(Collection entries)
____________________
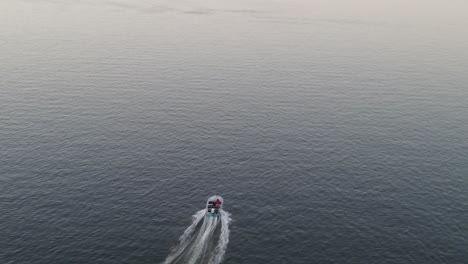 speedboat traveling across calm sea leaving marks on water surface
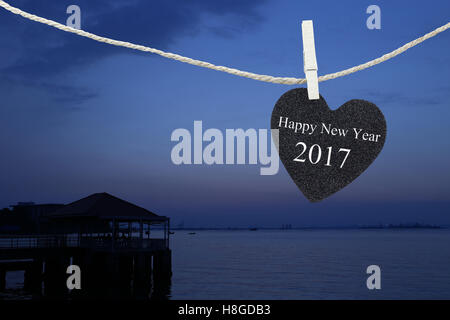 Black Heart auf Hanfseil auf Sonnenaufgang Hintergrund aufgehängt und frohes neues Jahr 2017 Text haben. Stockfoto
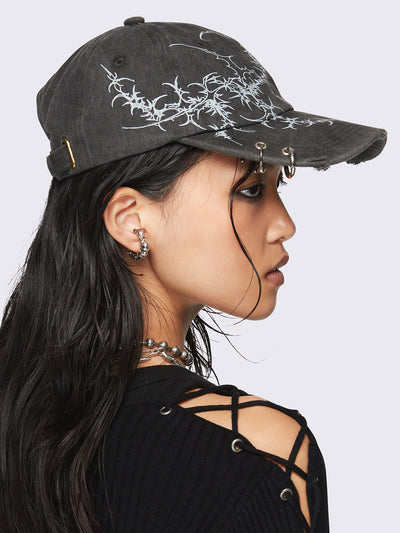 Black washed baseball cap with
Sigilism graphic print and distressed, eyelet and piercing details.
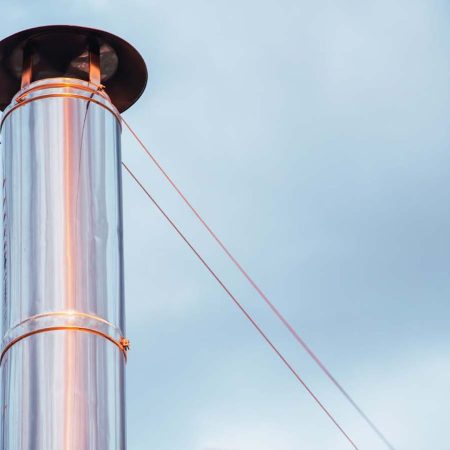Exterior metal chimney pipe on top of a roof.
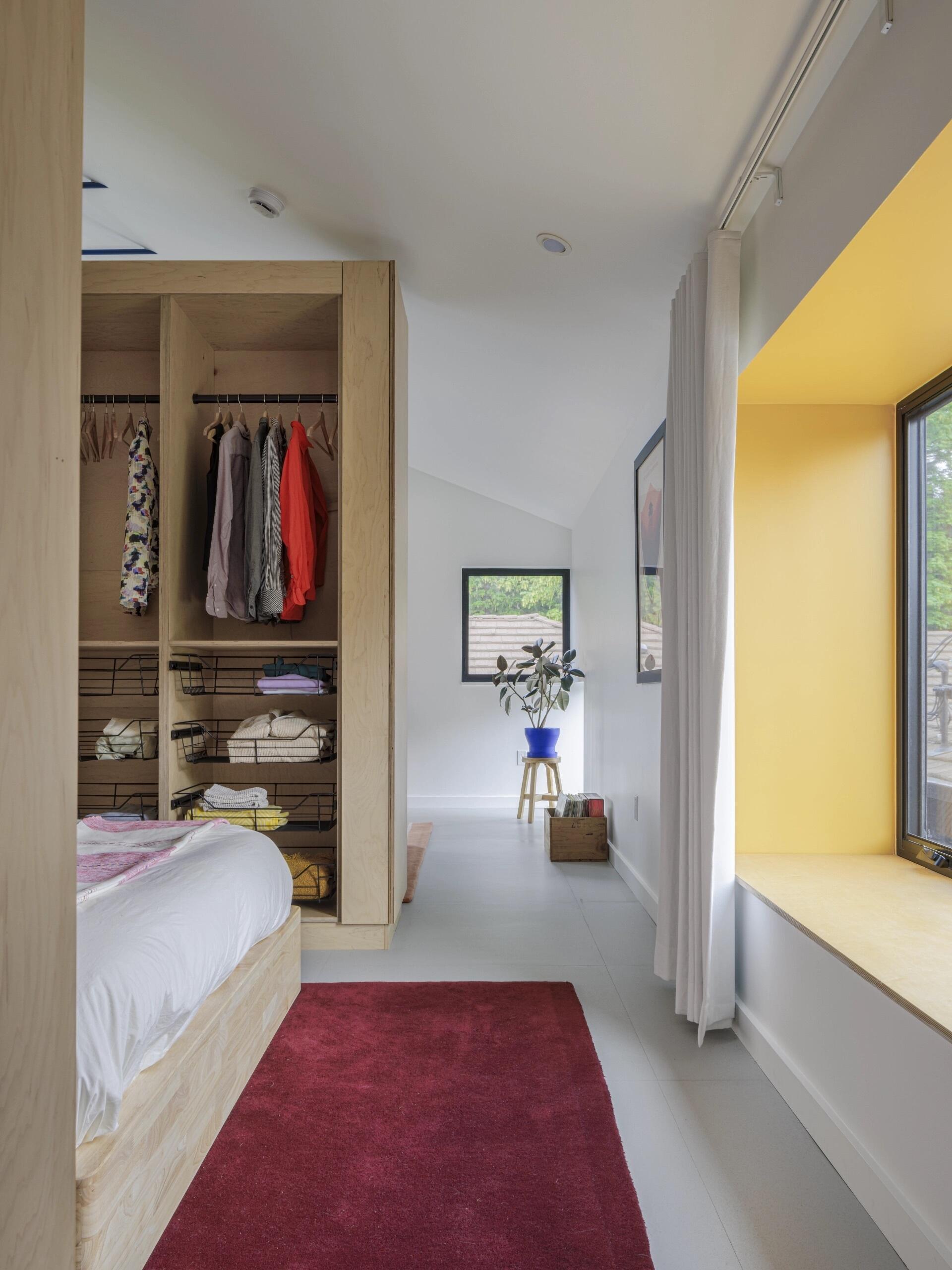 A hidden bedroom and sunny window seat show how custom cabinetry can completely transform a small home.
____________________
Problem to solve:
Please print the span that begins at the line holding "Black washed baseball cap with" and ends at the last line of the data, both ends included, with no pictures.

Solution:
 Black washed baseball cap with
Sigilism graphic print and distressed, eyelet and piercing details.
Exterior metal chimney pipe on top of a roof.
 A hidden bedroom and sunny window seat show how custom cabinetry can completely transform a small home.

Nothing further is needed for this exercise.